Exercise instructions: Beginning with the line where "The company was" appears, restate each line word for word until the data ends. Pictures do not go in.

Short text fragments from websites:
========================================================================

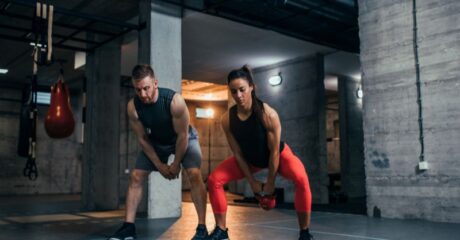 7 Steps to Become a Fitness Guru Achieve Your Health Goals in 2024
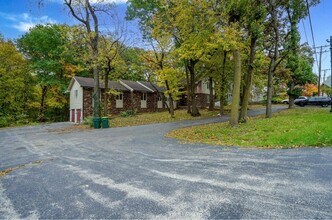 500 S Midland Ave in Joliet, IL - Building Photo - Building Photo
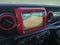 2020 Jeep Wrangler Unlimited Sahara Altitude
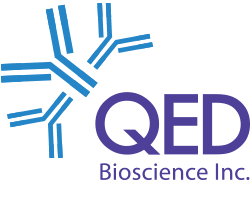 The company was established in 2016 and is a joint venture between takeda pharmaceuticals, a global company specializing in rare diseases. Distributors Qed Bioscience Inc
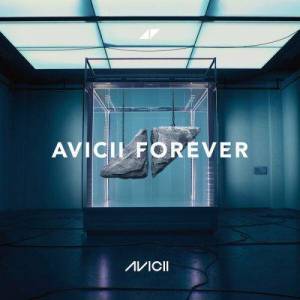  Avicii - Avicii Forever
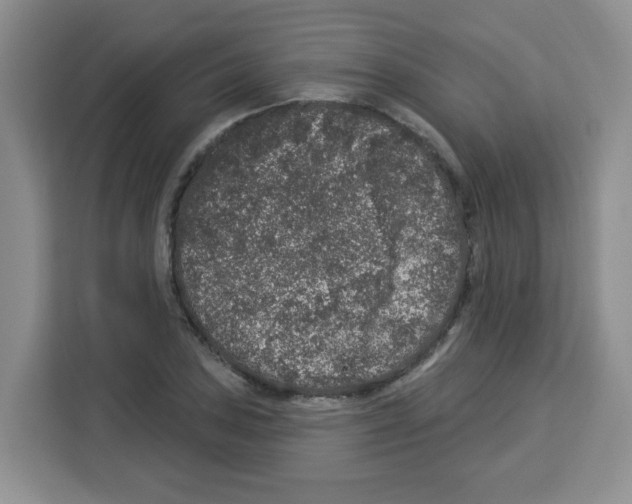 X0000113271027200910221055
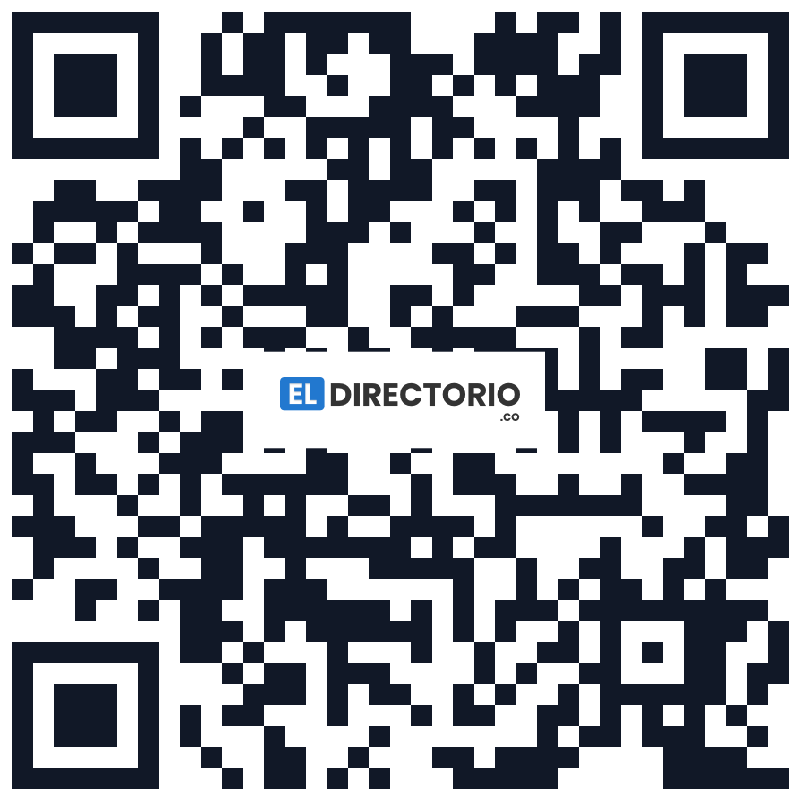 vCard Empresa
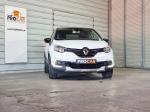 renault-captur-2017-diesel-1461cc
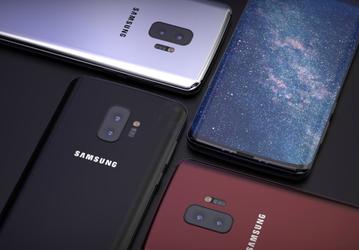 «Бюджетный» Samsung Galaxy S10 Lite может быть даже лучше флагманов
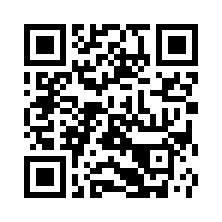 QR Code for 15wtxgtAcpmVQHTjs4YioinNpbLf7EVmuM
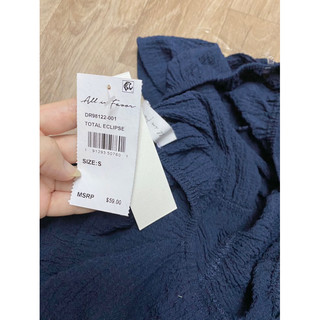 ♨Update 4 MÀU - (ĐẦM MINI XUẤT DƯ XỊN EO THUN (3 màu)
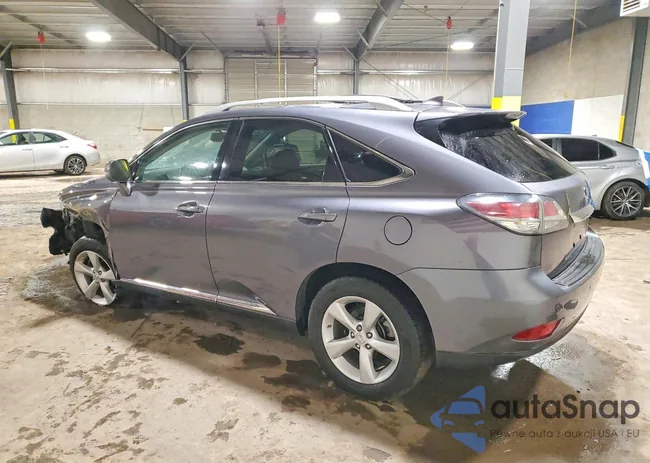 2T2BK1BA4FC305882: 77554185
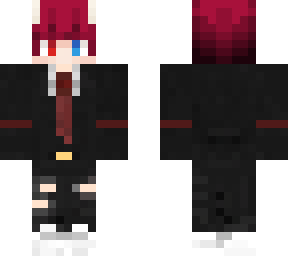fonex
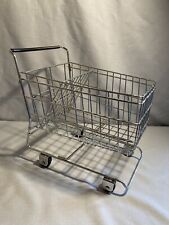 Vintage chrome metal for sale  Norfolk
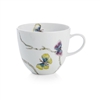 Butterfly Ginkgo Dinnerware - Mug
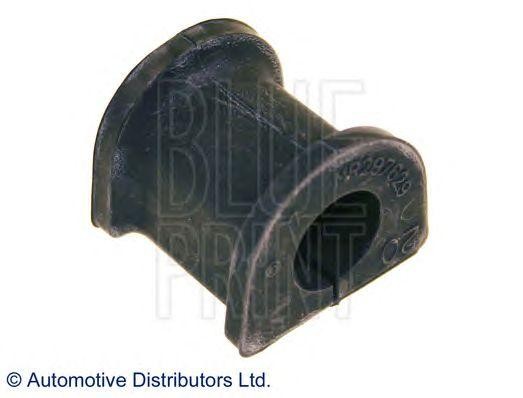 Втулка подшипника, стабилизатор ADC48066 BLUE PRINT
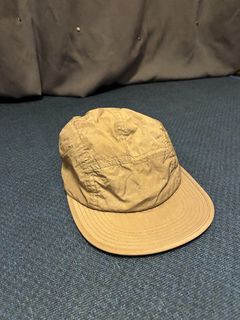 （分類：）位於 。 由 mysticlion-5c9d 提交（商品編號 1454908057，圖片 1）。簡介： 。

========================================================================

Solution to the exercise:
 The company was established in 2016 and is a joint venture between takeda pharmaceuticals, a global company specializing in rare diseases. Distributors Qed Bioscience Inc
  Avicii - Avicii Forever
 X0000113271027200910221055
 vCard Empresa
 renault-captur-2017-diesel-1461cc
 «Бюджетный» Samsung Galaxy S10 Lite может быть даже лучше флагманов
 QR Code for 15wtxgtAcpmVQHTjs4YioinNpbLf7EVmuM
 ♨Update 4 MÀU - (ĐẦM MINI XUẤT DƯ XỊN EO THUN (3 màu)
 2T2BK1BA4FC305882: 77554185
fonex
 Vintage chrome metal for sale  Norfolk
 Butterfly Ginkgo Dinnerware - Mug
 Втулка подшипника, стабилизатор ADC48066 BLUE PRINT
 （分類：）位於 。 由 mysticlion-5c9d 提交（商品編號 1454908057，圖片 1）。簡介： 。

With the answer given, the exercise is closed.